WHAT THE TASK REQUIRES: The data below should be restated word for word, pictures omitted.

DATA RECORDS:
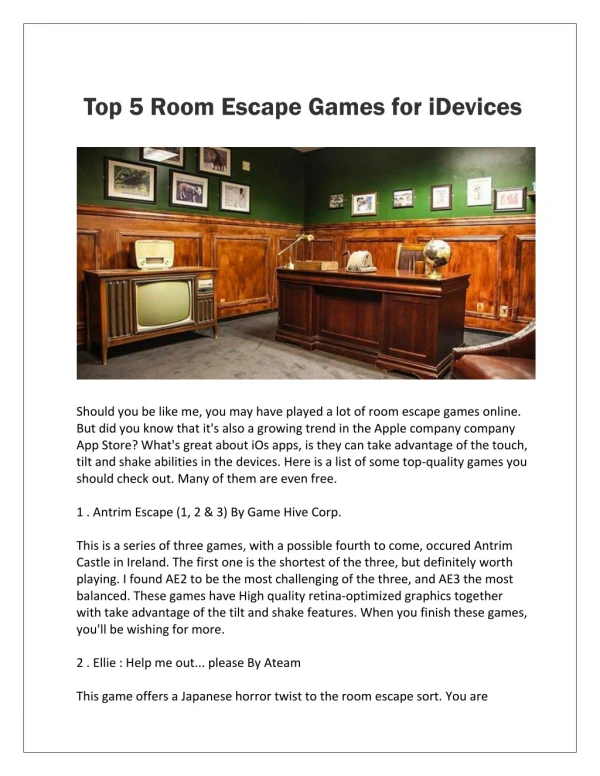 Top 5 Room Escape Games for iDevices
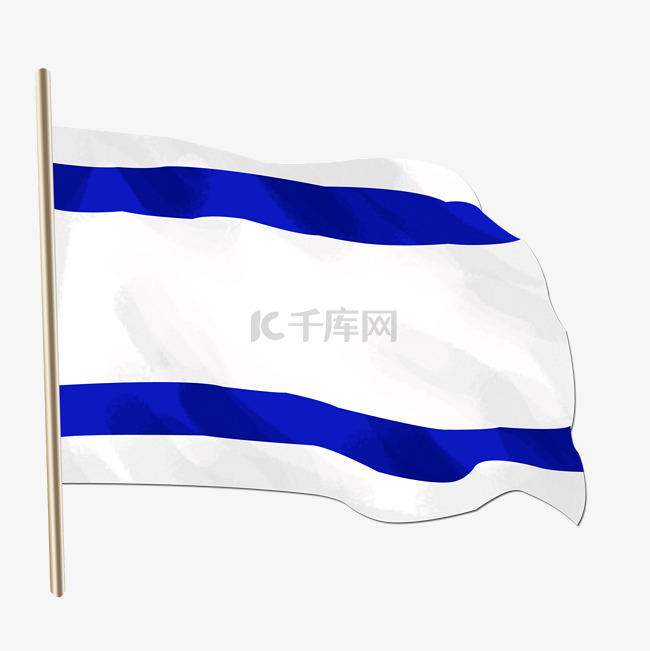 蓝白色飘扬的旗帜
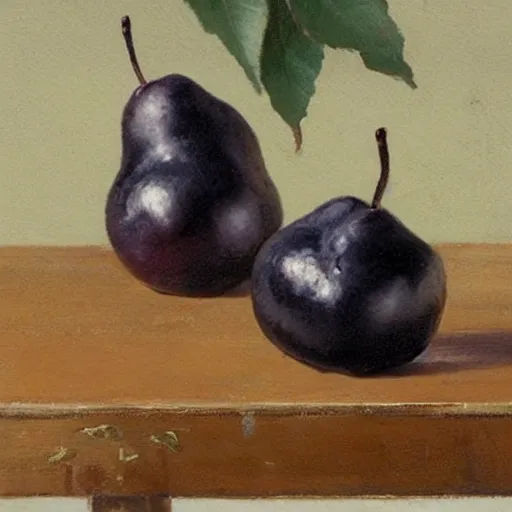 Image similar to table with black colored pears, #black pear fruit, ?black pears, !black pears, •black pears painted by rossdraws, greg rutkowski, thomas kindkade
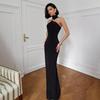 Весна/Лето 2025 Женское однотонное вечернее платье без рукавов с высоким воротом, облегающее фигуру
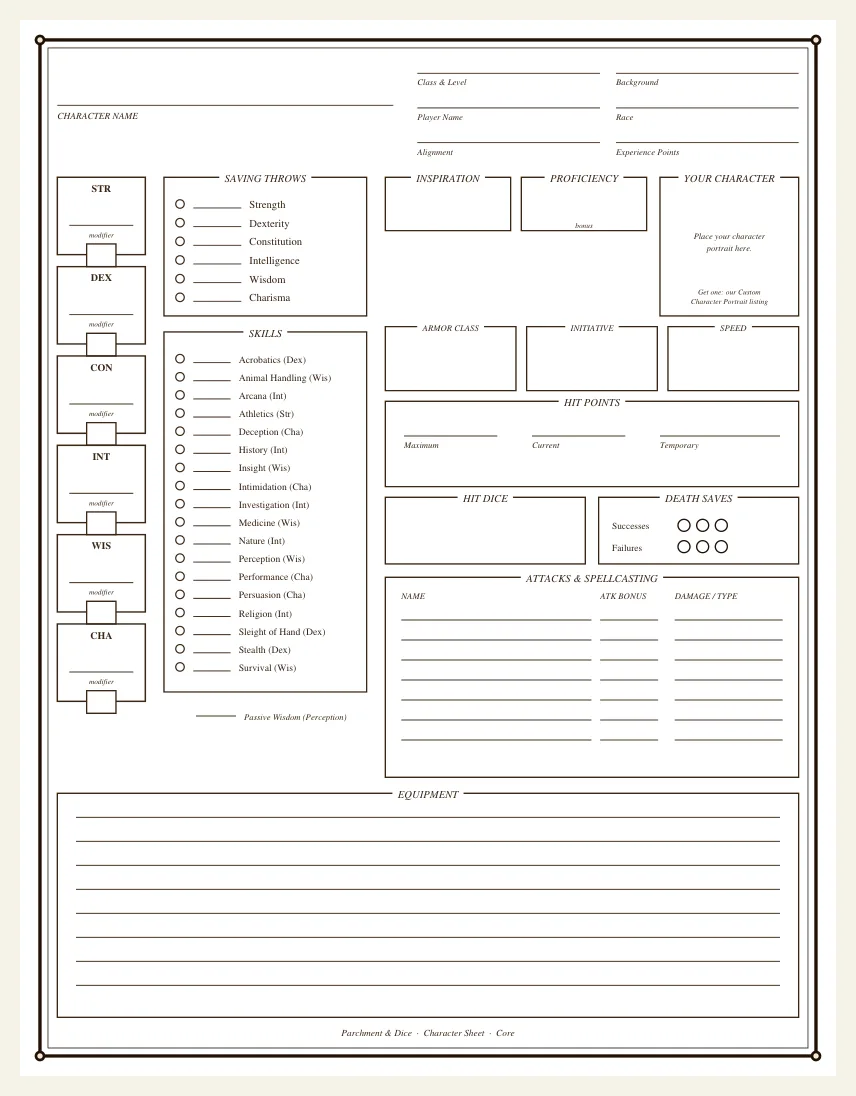 The free core character sheet: ability scores, saving throws, skills, hit points, attacks and equipment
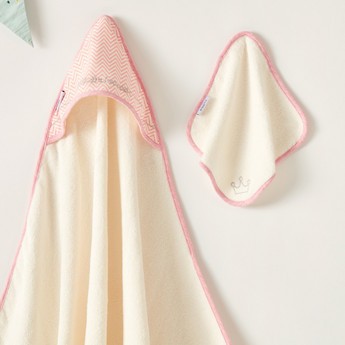 Giggles Hooded Towel and Washcloth Set - 76x76 cms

TASK RESPONSE:
 Top 5 Room Escape Games for iDevices
 蓝白色飘扬的旗帜
 Image similar to table with black colored pears, #black pear fruit, ?black pears, !black pears, •black pears painted by rossdraws, greg rutkowski, thomas kindkade
 Весна/Лето 2025 Женское однотонное вечернее платье без рукавов с высоким воротом, облегающее фигуру
 The free core character sheet: ability scores, saving throws, skills, hit points, attacks and equipment
 Giggles Hooded Towel and Washcloth Set - 76x76 cms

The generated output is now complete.